Outro dos apoios propostos pela autarquia passa por colocar as pessoas numa pensão, mas a solução seria apenas temporária. Três mulheres com filhos a cargo foram encaminhadas para pensões na zona de Lisboa, mas o Movimento Vida Justa garante que lhes foi dito pelas assistentes sociais que teriam de encontrar por si próprias uma solução dentro de poucas semanas.
Segundo a autarquia, foi proposto a outra mulher, também com filhos a cargo, um quarto no Estoril, com “alimentação e transporte entre a pensão e o local de trabalho”, oferta que a pessoa acabou por recusar, “depois de ter aceitado”, regressando ao Talude. Mas a Associação de Moradores do bairro tem outra versão. De acordo com Engels Amaral, porta-voz da associação, não foi oferecida nenhuma ajuda para o transporte diário até ao emprego, que fica longe do Estoril, não existindo transportes públicos entre os dois locais, dentro dos horários de trabalho da respetiva mulher, o que a levou a declinar aquela mudança. Além disso, o facto de ter uma filha com problemas de saúde fê-la optar por continuar no Talude, onde pode contar com o apoio da comunidade para cuidar da criança enquanto trabalha, ajuda que não teria disponível se se mudasse para o Estoril, onde não conhece ninguém.
“Os supostos apoios propostos pela Câmara não constituem alternativas reais, nem são consequentes”, critica Rita Silva, do Movimento Vida Justa. A ativista aponta como outro exemplo o caso insólito de um cidadão brasileiro cuja barraca onde vivia foi igualmente demolida e a quem os serviços sociais terão proposto um lugar numa pensão em Beja ou, em alternativa, em Braga, dada a escassez de quartos na AML, oferta igualmente temporária que o homem recusou, uma vez que trabalha na Grande Lisboa.
Ao Expresso, a Câmara diz não ter conhecimento desta situação e assegura que “o mais longe [que propôs] foi numa unidade hoteleira no Estoril”.
De uma barraca para outra barraca
Ainda segundo o município, houve 14 famílias com crianças, incluindo dez menores com idade inferior a quatro anos, que “não aceitaram as soluções apresentadas, referindo dispor de alternativa habitacional junto de familiares ou amigos”.
Engels Amaral, porta-voz da Associação de Moradores do bairro, assegura que quase todas permanecem no Talude, em barracas onde vivem familiares e que ainda não foram demolidas, estando agora numa situação habitacional ainda mais precária, pelo facto de estarem a viver em espaços agora sobrelotados.
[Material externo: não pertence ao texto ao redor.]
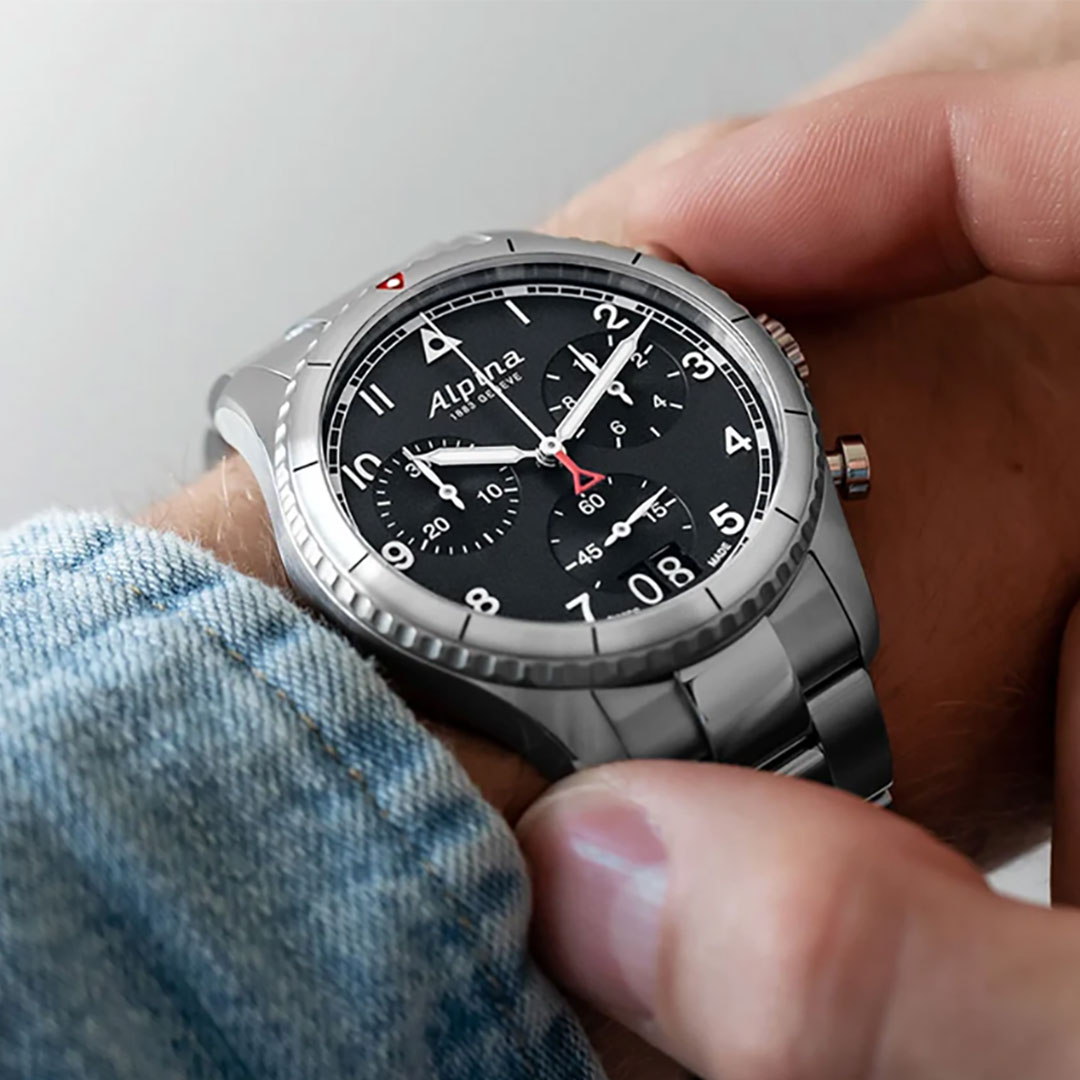 Alpina Pilot Quarz Chronograph Big Date Uhr AL-372BW4S26B – Bild 5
Finalmente, a Câmara de Loures refere que houve 25 agregados familiares que nem sequer se dirigiram aos serviços sociais para conhecer os apoios possíveis. Rita Silva, do Movimento Vida Justa, explica ao Expresso que muitas destas pessoas já estiveram, no passado, igualmente desalojadas, em anteriores vagas de demolições no Talude, tendo depois voltado a construir barracas, que foram agora, novamente deitadas abaixo. “Estão com a vida desfeita, com os seus pertences debaixo de escombros, com filhos para alimentar e a trabalhar. Pensam que não vale a pena perder tempo a ir aos serviços sociais quando já sabem perfeitamente o que podem esperar da Câmara, uma vez que já estiveram nesta situação”, explica Rita Silva.
O porta-voz da Comissão de Moradores do Talude acrescenta outra explicação para o aparente desinteresse apontado pela autarquia. “Muitas pessoas têm morada fiscal noutros concelhos, em casas de familiares que não aceitam acolhê-las mas que se dispõem a receber cartas em seu nome. E já lhes foi dito que, tendo morada fora, não terão direito a nenhum apoio da Câmara, pelo que nem precisavam de se dirigir aos serviços sociais”, diz Engels do Amaral.
Os moradores e o Movimento Vida Justa refutam ainda a informação avançada pela autarquia de que as pessoas cujas barracas foram demolidas esta segunda-feira tenham sido previamente contactadas pela Câmara para analisar possíveis alternativas. E garantem que o único contacto prévio foi um papel que os serviços do município lhes deixaram na porta, sexta-feira, dando-lhes 48 horas para deixar a casa.
“Os assistentes sociais nunca vão ao terreno nem estabelecem uma relação com as pessoas. Estas são despejadas e enviadas para a casa da cultura de Sacavém, onde está o gabinete de ação social daquela zona. Despejam e demolem primeiro, depois é que atendem”, lamenta Gonçalo Filipe, também do Movimento Vida Justa.